Consider who absorbs the damage when the dynamite erupts. Although homeowners buy insurance to protect their homes from natural disasters like floods or hurricanes, they are not able to prevent the potential for the price of the home falling as sea level rises. They will be left holding toxic assets. Thus, home sellers and real-estate agents in risky areas have every incentive to understate the danger that their properties face, which means that many buyers like the Langfords don’t know how vulnerable they are until it’s too late. Because they depend on the growth of new residents and development for their income, local governments are also tempted to minimize danger.
The federal government has opposite incentives. FEMA invests billions in helping flood-prone areas rebuild. It also manages the flood Insurance authority. The feds have the responsibility to assist these areas. Therefore, the government should send clear signals regarding climate risks and help people move to safer places. The high flood-insurance premiums in Larchmont were one such signal, designed to scare away homeowners like the Langfords. Banks and insurance companies have similar motivations: Because they stand to lose enormous amounts of money if they underestimate climate risk, these parties have every reason to seek out more information about flood danger.

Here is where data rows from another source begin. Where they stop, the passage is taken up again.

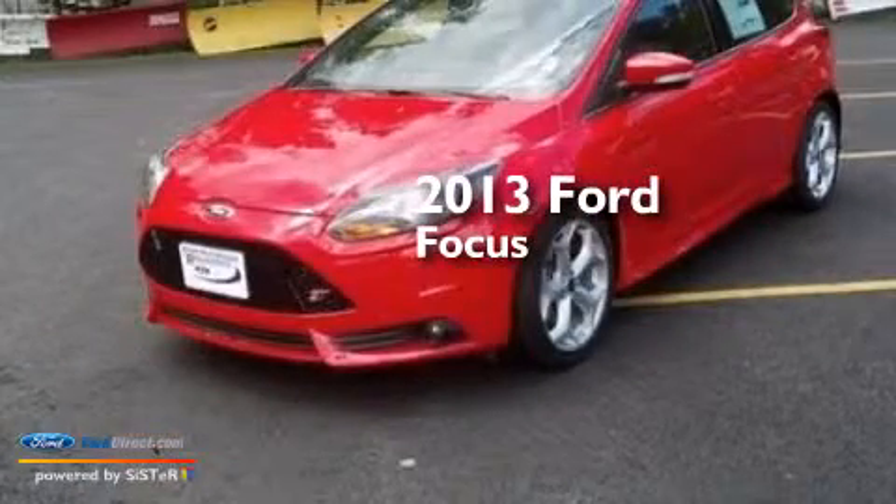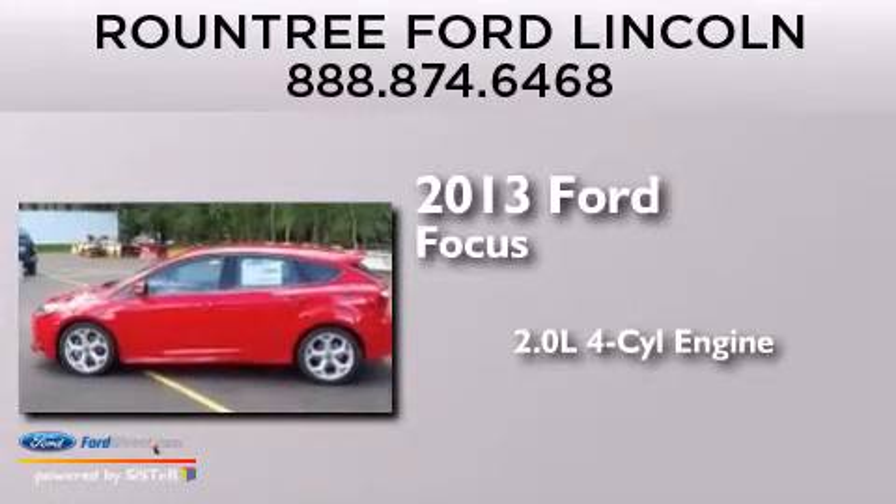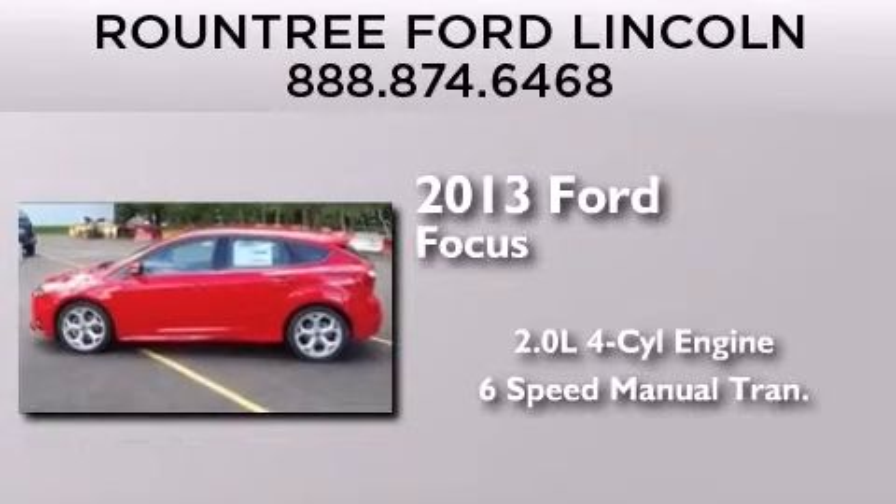This is a brand new 2013 Ford Focus. It features a 2.0-liter four-cylinder engine and a six-speed manual transmission.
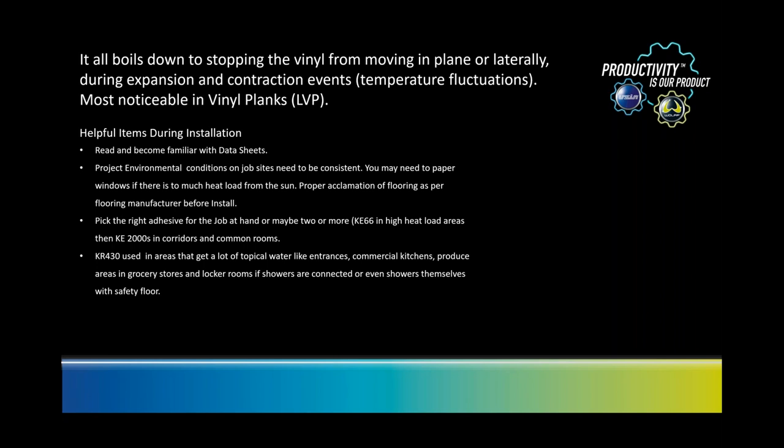Pick the right adhesive for the right job. For example, in a school atrium with lots of sunlight, you might want to use our KE-66 adhesive, and then in corridors and classrooms use KE-2000S. KE-66 is a wet-set-only adhesive requiring a bit more finesse. KE-2000S can be used contact style, wet set, or as a transitional adhesive. When you get into areas with a lot of topical water, we have KR-430, a two-component urethane that is essentially waterproof — great for commercial kitchens, produce areas, grocery stores with misters, locker rooms, even handicapped showers.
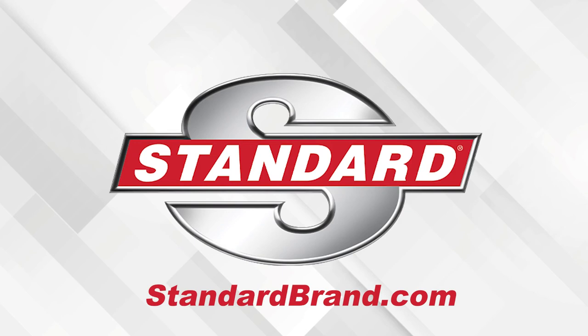Standard offers the most complete GDI program. Discover the Standard GDI Advantage.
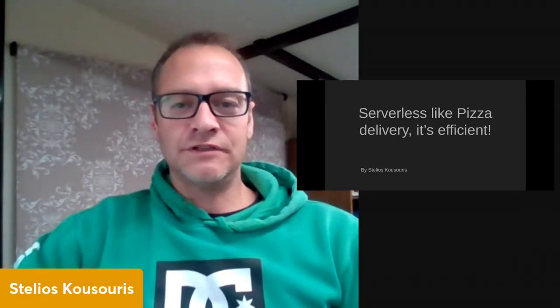Hi, my name is Talios and it's now time we talk about Pizza Delivery, Serverless and Efficiency.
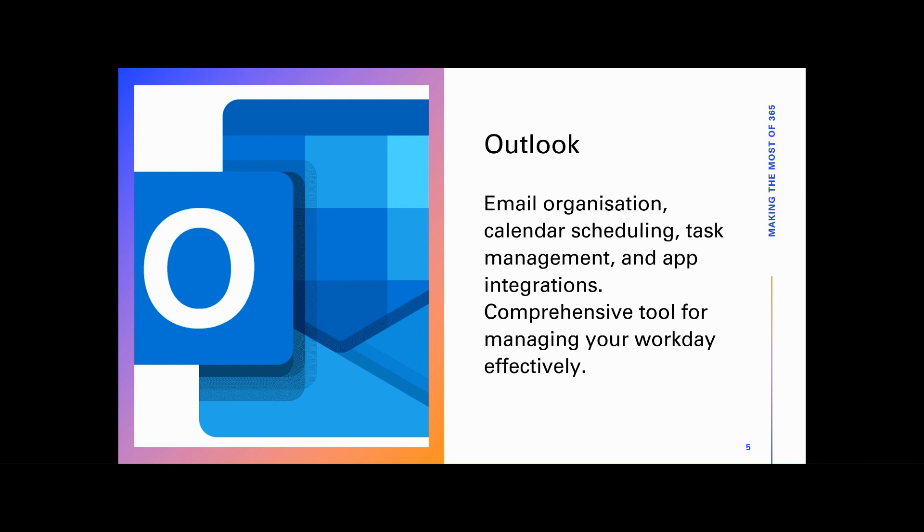Microsoft Outlook remains a cornerstone application for email communication and productivity management. With features like email organization, calendar scheduling, task management, and integration with other Microsoft 365 applications, Outlook serves as a comprehensive tool for managing your workday effectively.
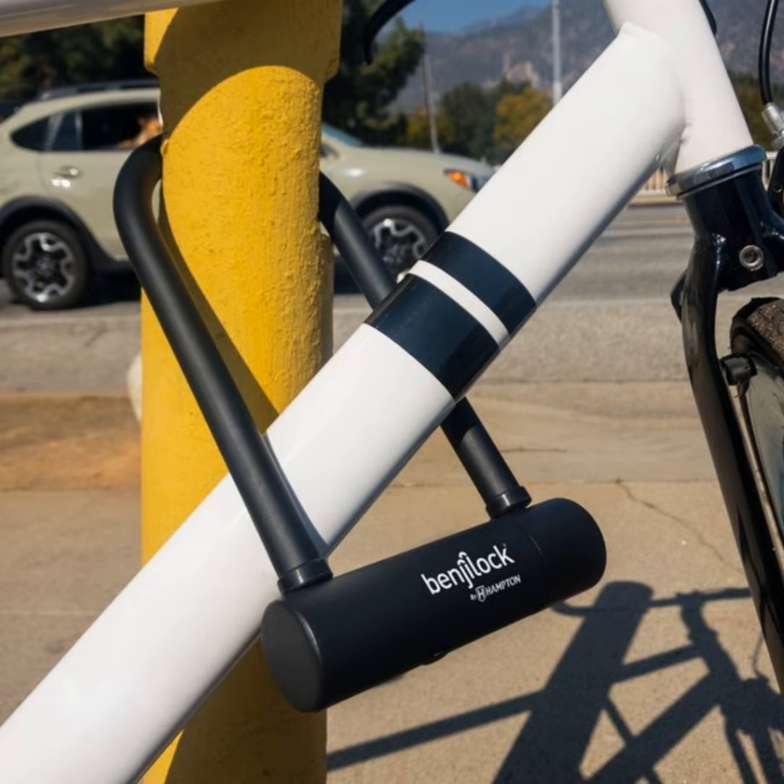His appearance on Shark Tank five years ago and deal with Kevin O'Leary gave the startup a great push out of the gate. The latest today is the solidly-made smart fingerprint bike lock that can store up to ten different fingerprints.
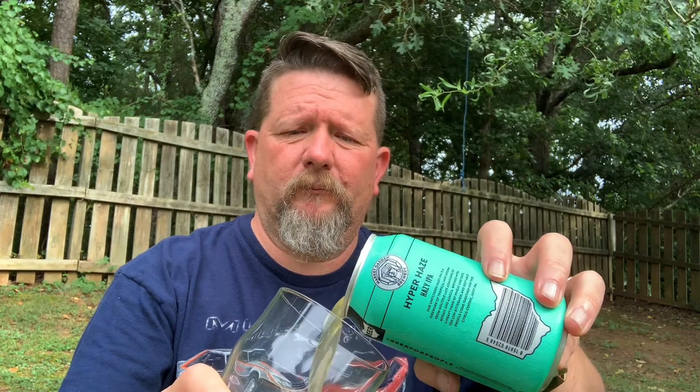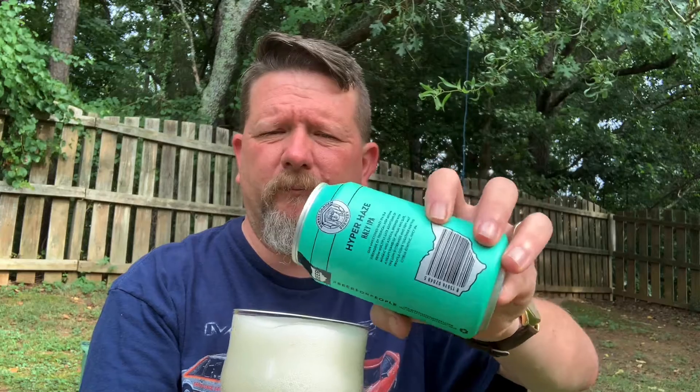Let's crack her open and pour it out and see what we're working with here. I'm here in my backyard, and while I was setting everything up there wasn't a car going down the road at all — seems like that's all I hear now.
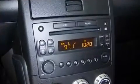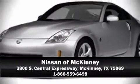A CARFAX history report indicates just one previous owner. Are you ready to experience this vehicle for yourself? Call now and schedule a test drive.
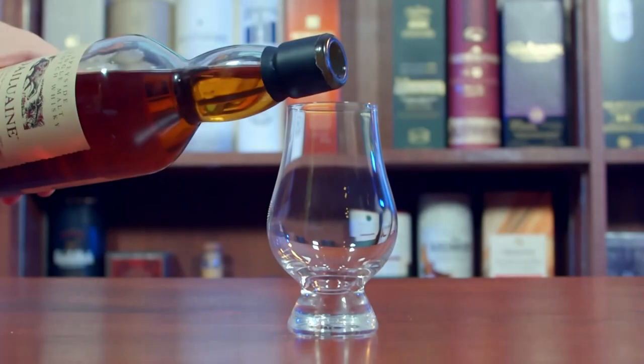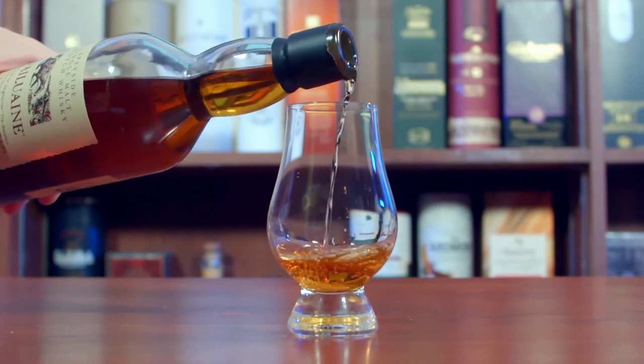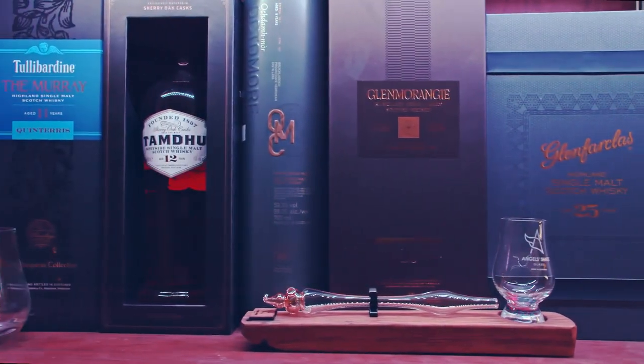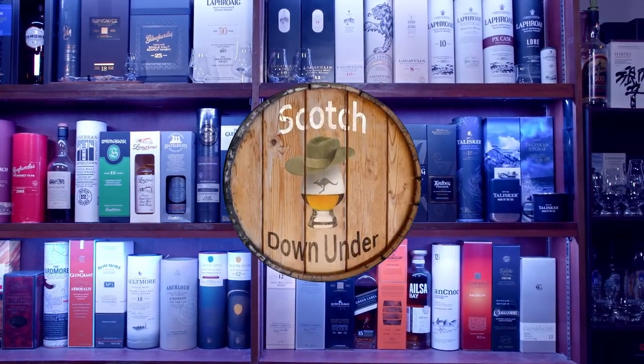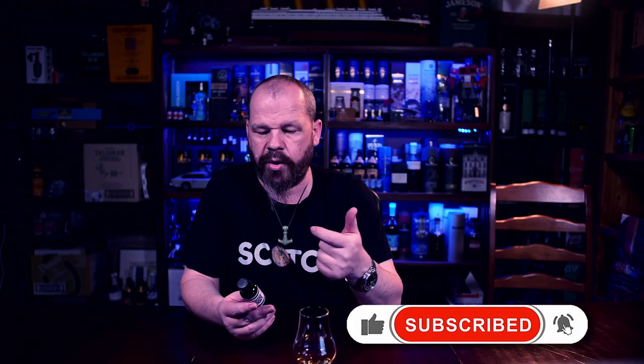The first one we're going to have is a Method of Madness Single Pot Still Mulberry Cask Finish. This one is from Method of Madness from Midleton. If you don't know, Midleton does a series of experimental stuff with their master distillers and their apprentices — all weird and wonderful stuff. So they're using their single pot still and finishing it. This is the Mulberry. They've done a Chestnut, a French Limousine Oak, and a bunch of other stuff.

The result is a kind of silent argument between the various parties, a dispute over whether and when to give up the dynamite. Federal government, major insurance companies worry about climate risk. Homeowners and local governments attempt to minimize those alarms as much as possible by hiding risk and building mitigation projects for natural disasters.
We don’t know to what extent the housing market has started to respond to this risk, but there are early warning signs. Research has shown that while home values fell in the wake of hurricanes, they rebounded as people forgot the danger of disaster. Now a growing number of studies shows that buyers and lenders in coastal housing markets are starting to leave flood-prone areas even in the absence of any major flood. Home prices in the lowest-lying parts of Miami Beach no longer rise as fast as prices on higher ground, and banks in North Carolina have started to transfer more flood-prone mortgages off their balance sheets, selling them to Fannie Mae and Freddie Mac. One study estimates that floodplain housing in the United States is overvalued by as much as $34 billion.
Caught in the middle are homeowners like the Langfords, who have to interpret all of these economic signals through the lens of their own lives. People often make uninformed decisions regarding where they want to live. Eventually, however, people will have to reconsider where they live and the risks associated with climate change. People can be forced to change their lives by the unpleasant experience of living in flood waters or seeing high-rise homes along a waterfront street.
The Langfords ended up buying a house two neighborhoods over, in a slightly blander area called Colonial Place. The Langfords chose to buy a house that was just outside of the floodplain, and did not require flood insurance. A few months after they moved in, however, they started to find that some blocks in their neighborhood became swamped with water after every heavy rain. The estuary that ran along the west edge of their neighborhood was prone to overflow into lower-lying streets. This cut off one main thoroughfare, and caused water to pool around the cars parked there. When there was a high tide in autumn, salt water flowed from the east through Colonial Place. After they had given up on the one-stick dynamite, they found themselves with another.
This article has been adapted from Jake Bittle’s forthcoming book, The Great Displacement: Climate Change and the Next American Migration.